- _Work task_
Below are some records; quote exactly the lines from the one that contains "RELIGIONES EXPLICADAS A MI HIJA LAS" through the one that contains "My dad says", inclusive, and no others.

(Short descriptive text snippets)
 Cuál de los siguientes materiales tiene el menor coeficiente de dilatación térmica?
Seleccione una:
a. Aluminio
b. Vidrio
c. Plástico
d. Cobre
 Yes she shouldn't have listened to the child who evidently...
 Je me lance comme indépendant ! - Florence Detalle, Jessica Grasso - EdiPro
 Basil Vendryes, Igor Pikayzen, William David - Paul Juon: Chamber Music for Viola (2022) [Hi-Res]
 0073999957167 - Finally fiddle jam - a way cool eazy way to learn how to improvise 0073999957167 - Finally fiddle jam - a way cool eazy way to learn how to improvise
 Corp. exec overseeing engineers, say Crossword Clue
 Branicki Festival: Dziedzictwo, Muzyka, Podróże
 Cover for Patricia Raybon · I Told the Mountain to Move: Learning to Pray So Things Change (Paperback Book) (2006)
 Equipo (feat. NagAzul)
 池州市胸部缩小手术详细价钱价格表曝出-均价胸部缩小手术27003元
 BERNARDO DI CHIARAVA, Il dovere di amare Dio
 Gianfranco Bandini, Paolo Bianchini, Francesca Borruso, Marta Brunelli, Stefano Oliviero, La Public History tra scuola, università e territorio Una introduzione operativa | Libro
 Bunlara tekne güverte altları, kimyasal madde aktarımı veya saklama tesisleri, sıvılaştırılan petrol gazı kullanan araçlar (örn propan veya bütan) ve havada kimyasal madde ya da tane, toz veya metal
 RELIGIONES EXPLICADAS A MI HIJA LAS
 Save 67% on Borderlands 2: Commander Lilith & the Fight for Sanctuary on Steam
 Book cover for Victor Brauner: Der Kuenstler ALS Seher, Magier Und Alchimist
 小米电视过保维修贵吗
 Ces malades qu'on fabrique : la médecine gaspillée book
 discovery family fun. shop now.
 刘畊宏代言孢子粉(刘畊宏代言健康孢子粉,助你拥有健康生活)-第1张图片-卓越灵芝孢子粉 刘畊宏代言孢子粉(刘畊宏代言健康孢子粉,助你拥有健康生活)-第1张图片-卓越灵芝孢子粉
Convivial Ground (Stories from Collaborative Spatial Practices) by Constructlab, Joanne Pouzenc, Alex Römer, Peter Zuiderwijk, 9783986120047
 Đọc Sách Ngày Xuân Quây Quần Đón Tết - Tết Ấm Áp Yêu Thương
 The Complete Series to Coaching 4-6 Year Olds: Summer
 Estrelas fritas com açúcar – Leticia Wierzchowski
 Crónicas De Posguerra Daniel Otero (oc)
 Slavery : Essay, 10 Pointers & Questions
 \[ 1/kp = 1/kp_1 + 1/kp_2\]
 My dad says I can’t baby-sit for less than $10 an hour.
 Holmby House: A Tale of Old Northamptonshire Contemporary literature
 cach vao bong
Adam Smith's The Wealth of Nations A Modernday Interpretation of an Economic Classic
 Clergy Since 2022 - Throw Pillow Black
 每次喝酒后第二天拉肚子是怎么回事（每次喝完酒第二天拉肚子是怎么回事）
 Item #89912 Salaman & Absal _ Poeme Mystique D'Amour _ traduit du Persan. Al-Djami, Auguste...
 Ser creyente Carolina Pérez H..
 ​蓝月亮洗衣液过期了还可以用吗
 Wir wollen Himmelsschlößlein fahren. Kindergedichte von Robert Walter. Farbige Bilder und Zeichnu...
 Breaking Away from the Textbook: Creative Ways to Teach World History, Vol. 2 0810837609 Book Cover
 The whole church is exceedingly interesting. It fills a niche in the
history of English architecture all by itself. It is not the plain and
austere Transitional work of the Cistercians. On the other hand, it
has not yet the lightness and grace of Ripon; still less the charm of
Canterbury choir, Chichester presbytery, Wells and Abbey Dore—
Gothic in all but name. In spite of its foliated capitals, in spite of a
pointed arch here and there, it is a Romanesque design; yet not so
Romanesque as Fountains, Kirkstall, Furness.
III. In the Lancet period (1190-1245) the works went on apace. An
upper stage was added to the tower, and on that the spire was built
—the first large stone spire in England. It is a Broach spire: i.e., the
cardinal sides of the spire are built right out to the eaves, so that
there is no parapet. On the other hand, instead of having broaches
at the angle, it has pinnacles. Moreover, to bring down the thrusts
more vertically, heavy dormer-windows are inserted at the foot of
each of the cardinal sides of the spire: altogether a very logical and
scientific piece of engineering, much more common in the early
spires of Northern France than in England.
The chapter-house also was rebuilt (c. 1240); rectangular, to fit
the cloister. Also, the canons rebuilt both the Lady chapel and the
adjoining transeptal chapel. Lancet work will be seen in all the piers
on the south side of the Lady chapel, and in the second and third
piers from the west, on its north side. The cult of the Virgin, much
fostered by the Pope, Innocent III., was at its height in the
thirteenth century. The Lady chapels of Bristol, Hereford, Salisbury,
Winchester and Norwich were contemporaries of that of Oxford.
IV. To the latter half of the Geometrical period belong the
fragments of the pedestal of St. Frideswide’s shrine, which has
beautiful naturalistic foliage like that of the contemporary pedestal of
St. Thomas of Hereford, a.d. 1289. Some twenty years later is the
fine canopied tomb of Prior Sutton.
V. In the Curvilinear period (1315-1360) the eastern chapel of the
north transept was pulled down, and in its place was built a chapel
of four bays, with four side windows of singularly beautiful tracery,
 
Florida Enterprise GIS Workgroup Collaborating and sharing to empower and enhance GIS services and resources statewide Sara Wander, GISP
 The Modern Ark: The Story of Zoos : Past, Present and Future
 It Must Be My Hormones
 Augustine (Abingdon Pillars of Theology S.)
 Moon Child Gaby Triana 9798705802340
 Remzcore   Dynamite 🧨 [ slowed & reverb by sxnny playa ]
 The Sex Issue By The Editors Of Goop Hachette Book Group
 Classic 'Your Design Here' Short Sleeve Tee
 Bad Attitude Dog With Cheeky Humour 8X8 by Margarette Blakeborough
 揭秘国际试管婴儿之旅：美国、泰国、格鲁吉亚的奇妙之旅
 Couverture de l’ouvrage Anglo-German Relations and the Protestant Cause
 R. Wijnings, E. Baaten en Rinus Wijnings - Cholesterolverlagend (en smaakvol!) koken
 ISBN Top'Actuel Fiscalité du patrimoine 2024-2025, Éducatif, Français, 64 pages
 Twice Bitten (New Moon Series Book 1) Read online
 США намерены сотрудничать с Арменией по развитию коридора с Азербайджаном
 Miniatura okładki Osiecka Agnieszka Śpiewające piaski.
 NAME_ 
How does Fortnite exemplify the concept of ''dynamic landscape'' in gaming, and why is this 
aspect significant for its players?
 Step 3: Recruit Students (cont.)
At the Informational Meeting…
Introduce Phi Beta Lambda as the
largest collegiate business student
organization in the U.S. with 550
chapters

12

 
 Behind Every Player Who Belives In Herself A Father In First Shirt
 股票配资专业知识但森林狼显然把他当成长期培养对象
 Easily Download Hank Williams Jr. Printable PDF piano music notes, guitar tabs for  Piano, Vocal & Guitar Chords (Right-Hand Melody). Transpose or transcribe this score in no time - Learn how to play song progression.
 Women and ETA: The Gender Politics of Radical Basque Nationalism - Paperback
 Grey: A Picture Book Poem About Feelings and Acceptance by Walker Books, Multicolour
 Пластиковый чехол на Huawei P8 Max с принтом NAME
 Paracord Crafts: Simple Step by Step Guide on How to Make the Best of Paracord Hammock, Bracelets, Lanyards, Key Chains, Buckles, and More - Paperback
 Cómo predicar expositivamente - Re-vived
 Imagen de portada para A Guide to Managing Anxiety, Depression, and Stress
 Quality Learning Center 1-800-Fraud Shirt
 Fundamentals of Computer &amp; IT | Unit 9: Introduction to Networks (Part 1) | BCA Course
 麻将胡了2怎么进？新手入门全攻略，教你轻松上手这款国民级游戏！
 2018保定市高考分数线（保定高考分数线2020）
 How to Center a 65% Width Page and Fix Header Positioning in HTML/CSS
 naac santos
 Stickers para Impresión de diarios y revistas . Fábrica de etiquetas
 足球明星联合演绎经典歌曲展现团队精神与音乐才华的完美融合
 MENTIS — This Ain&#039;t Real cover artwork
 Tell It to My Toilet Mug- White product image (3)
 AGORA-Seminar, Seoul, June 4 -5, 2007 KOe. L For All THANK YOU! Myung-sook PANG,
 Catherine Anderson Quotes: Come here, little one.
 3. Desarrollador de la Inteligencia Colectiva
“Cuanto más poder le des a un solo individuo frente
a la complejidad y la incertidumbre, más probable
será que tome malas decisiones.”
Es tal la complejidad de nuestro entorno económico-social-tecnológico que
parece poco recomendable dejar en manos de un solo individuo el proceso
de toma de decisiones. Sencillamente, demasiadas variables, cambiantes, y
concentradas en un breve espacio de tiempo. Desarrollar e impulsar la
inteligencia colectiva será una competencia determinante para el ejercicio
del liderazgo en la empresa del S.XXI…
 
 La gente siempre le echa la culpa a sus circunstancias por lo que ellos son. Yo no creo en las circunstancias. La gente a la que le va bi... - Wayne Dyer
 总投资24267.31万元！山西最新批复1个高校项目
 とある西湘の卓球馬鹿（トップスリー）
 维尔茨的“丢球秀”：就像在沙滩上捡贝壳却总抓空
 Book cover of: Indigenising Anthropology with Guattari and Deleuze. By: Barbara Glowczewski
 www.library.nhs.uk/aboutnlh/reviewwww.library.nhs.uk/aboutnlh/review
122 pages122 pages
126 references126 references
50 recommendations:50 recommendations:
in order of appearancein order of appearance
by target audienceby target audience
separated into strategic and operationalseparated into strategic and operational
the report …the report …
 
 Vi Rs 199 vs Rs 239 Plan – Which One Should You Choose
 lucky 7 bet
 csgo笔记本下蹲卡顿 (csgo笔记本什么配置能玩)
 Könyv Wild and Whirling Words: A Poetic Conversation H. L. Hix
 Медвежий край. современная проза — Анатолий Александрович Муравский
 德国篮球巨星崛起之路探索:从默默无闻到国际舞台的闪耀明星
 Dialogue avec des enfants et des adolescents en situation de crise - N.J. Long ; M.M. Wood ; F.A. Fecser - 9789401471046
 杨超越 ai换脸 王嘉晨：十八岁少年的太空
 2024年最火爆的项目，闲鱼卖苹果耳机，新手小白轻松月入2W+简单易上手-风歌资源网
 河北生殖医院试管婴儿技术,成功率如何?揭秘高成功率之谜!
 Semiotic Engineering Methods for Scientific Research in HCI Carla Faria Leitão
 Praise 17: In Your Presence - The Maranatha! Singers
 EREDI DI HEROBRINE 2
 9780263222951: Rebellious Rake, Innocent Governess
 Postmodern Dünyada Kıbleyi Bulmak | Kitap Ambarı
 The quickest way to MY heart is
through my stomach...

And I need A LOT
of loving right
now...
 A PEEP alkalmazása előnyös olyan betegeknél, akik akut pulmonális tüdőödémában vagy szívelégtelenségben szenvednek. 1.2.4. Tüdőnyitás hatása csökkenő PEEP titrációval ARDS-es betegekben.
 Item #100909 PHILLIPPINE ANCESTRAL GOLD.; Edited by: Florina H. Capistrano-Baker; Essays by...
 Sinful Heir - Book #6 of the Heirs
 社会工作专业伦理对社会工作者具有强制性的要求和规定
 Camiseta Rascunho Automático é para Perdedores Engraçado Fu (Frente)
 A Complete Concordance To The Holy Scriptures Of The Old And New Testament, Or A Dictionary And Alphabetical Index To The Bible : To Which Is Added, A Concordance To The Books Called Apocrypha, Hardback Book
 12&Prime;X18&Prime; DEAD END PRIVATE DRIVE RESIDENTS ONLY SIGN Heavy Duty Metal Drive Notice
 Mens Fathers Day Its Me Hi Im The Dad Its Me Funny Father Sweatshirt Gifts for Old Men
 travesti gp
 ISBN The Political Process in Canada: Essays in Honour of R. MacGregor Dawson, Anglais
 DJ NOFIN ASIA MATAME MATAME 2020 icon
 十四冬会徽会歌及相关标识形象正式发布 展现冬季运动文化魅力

- _Exercise answer_
 RELIGIONES EXPLICADAS A MI HIJA LAS
 Save 67% on Borderlands 2: Commander Lilith & the Fight for Sanctuary on Steam
 Book cover for Victor Brauner: Der Kuenstler ALS Seher, Magier Und Alchimist
 小米电视过保维修贵吗
 Ces malades qu'on fabrique : la médecine gaspillée book
 discovery family fun. shop now.
 刘畊宏代言孢子粉(刘畊宏代言健康孢子粉,助你拥有健康生活)-第1张图片-卓越灵芝孢子粉 刘畊宏代言孢子粉(刘畊宏代言健康孢子粉,助你拥有健康生活)-第1张图片-卓越灵芝孢子粉
Convivial Ground (Stories from Collaborative Spatial Practices) by Constructlab, Joanne Pouzenc, Alex Römer, Peter Zuiderwijk, 9783986120047
 Đọc Sách Ngày Xuân Quây Quần Đón Tết - Tết Ấm Áp Yêu Thương
 The Complete Series to Coaching 4-6 Year Olds: Summer
 Estrelas fritas com açúcar – Leticia Wierzchowski
 Crónicas De Posguerra Daniel Otero (oc)
 Slavery : Essay, 10 Pointers & Questions
 \[ 1/kp = 1/kp_1 + 1/kp_2\]
 My dad says I can’t baby-sit for less than $10 an hour.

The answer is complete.